When child visitation is discussed, it is often thought of in terms of the arrangement between the parents and the child. However, there are circumstances where grandparents may be involved as well and want to seek visitation rights.
In Georgia, a grandparent can file an action for visitation rights and the court may grant these rights if it finds that it is in the best interest of the child. The court may consider whether the child’s health or welfare would be harmed if the visitation is not granted.
It may find that harm would be reasonably likely to occur where, prior to the filing of the action, the child resided with the grandparent for six months or more, the grandparent provided financial support for the child’s basic needs for at least one year or any other circumstance that indicates emotional or physical harm could occur if the visitation is not granted.
The grandparent’s visitation, however, cannot interfere with a child’s school schedule.
Reasons for visitation
Grandparents may seek visitation with their grandchildren in many situations.

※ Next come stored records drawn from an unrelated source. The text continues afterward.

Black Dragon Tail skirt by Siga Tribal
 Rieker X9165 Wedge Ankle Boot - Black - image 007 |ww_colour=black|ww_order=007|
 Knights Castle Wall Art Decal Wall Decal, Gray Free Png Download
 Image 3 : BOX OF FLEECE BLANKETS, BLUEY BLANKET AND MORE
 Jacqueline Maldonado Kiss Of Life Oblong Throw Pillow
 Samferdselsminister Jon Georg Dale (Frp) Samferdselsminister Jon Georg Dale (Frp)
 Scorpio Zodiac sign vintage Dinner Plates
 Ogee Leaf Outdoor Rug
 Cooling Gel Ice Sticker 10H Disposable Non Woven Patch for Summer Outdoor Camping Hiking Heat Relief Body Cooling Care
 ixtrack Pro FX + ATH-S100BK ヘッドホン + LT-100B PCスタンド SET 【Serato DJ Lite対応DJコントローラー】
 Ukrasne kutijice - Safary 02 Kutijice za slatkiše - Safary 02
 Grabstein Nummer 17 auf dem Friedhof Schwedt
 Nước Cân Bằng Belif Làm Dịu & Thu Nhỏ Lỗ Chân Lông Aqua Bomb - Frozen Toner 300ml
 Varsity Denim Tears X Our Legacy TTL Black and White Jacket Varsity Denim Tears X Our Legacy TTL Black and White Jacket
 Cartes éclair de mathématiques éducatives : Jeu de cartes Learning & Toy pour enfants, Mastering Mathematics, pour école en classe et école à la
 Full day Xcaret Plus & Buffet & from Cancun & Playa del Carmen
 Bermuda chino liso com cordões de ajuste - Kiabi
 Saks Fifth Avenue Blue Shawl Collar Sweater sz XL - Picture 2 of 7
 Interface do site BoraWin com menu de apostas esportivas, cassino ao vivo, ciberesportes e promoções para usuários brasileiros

They may have safety concerns when a parent’s substance abuse makes him or her unable to properly care for the child.
They may also have concerns for the child’s emotional well-being in situations where the child’s parents are involved in a difficult divorce or separation.
If the child’s parent is deceased, the grandparent may also want to be involved to provide love and support.
Family structures are unique and each situation is different. However, grandparents who have questions about the visitation process may find the guidance of an experienced attorney helpful.